After the state legislature passed the funding package, three Oregon state representatives, Julie Parrish, Cedric Hayden, and Sal Esquivel, decided to throw one crucial part of the package to a ballot referendum, a common Republican tactic in a state where it only takes around 60,000 signatures to put the repeal of a piece of legislation up to a public vote.

“This is a very small number of legislators that were frustrated by the process and are politicizing something that the vast majority of the organizations that work in this arena—that don’t always agree on everything—came together and agreed to,” said Chris Coughlin, the legislative director at Children First for Oregon.

The measure to fund Medicaid passed handily Tuesday night. If it had failed, hundreds of thousands of Oregon families, seniors, and people with disabilities could lose their healthcare entirely.
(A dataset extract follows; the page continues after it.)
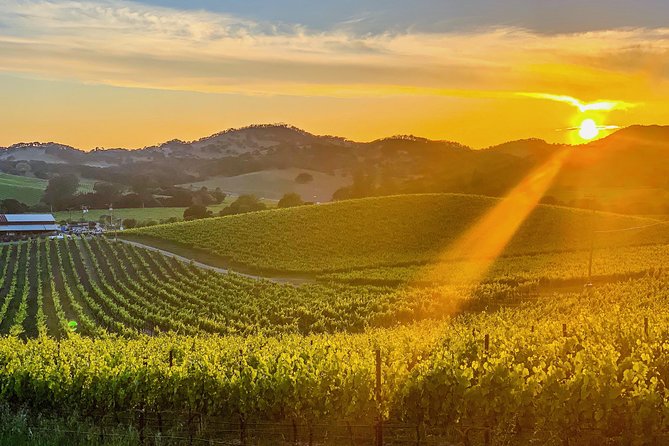 Private Wine Country Tour Including Photography Services - Key points at a glance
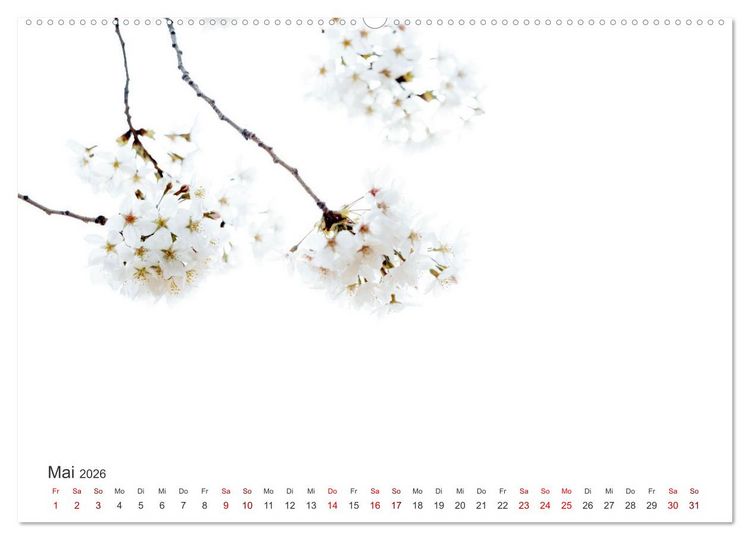 Produktbild: ZEN - Eine Reise zu sich selbst (hochwertiger Premium Wandkalender 2026 DIN A2 quer), Kunstdruck in Hochglanz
It would have also blown a gigantic hole in the state’s budget:

If the measure is defeated there will be a reduction of $210-$320 million in state revenue, resulting in a possible reduction of $630-$960 million, or more in federal Medicaid matching funds. The total revenue reduction to the 2017-19 state budget may be $840 million-$1.3 billion or more.

“The thing to realize is there is no Plan B here. This would break our Medicaid system, without a viable alternative to keep people covered,” Coughlin said. “We really feel that it’s irresponsible at best and cruel at worst.”


The group Yes on Healthcare formed in response to the ballot measure, and collected a critical mass of support for the measure from healthcare and patient advocacy groups. Since this was a rare January special election with just one measure on the ballot, it was critical to get people to send in their ballots.

“It’s really expensive to live here, and it can be hard to find a living wage job, so Medicaid is really important to people,” Patty Wentz, the organization’s director, said. “Particularly for young people who have kids, [Oregon Health Plan] is a real lifeline.”

The Oregon hospitals and insurance providers who back Measure 101 understand that expanding healthcare coverage benefits all parties. When poor and sick people have health insurance, they are able to seek preventative care, rather than depending on expensive emergency room visits. Widespread preventative care drives down costs for everyone.

So why did this become a ballot measure in the first place? The answer shows just how far down an ideological rabbit hole some Republican lawmakers have gone. Parrish, the Republican lawmaker who spearheaded the ballot measure, explained that she wanted to “break” the Medicaid system in the state. “You know, sometimes the way to heal that broken bone that didn’t heal right is to break it and reset it. And that’s kind of what Measure 101 is about,” she said at a debate in December.

The parallels between this story and Republicans’ efforts to repeal the Affordable Care Act nationally are clear. Both stories reveal rightwing Republican lawmakers’ undergirding mentality, a combination of misinformation and reckless nihilism. The most recent national example of this recklessness can be seen in Republicans’ refusal to reauthorize the Children’s Health Insurance Program, for no clear reason except to use it as possible leverage in negotiations with Democrats.

“Their position has been almost identical: ‘Let’s repeal it and we’ll replace it with something else. Just trust us,’” Wentz told me. “And we’re finding that people in Oregon do not trust that.”

Today’s Republican lawmakers, across the country, operate under some combination of bad faith and ignorance. They have told us—are still telling us—that they don’t care about blowing up a system that provides health care to hundreds of thousands of children.

On Tuesday, a lot more Oregonians showed that they do care. After a year of hearing “no” from Republican lawmakers, in Oregon and nationally, voters in Oregon got their own chance to say yes.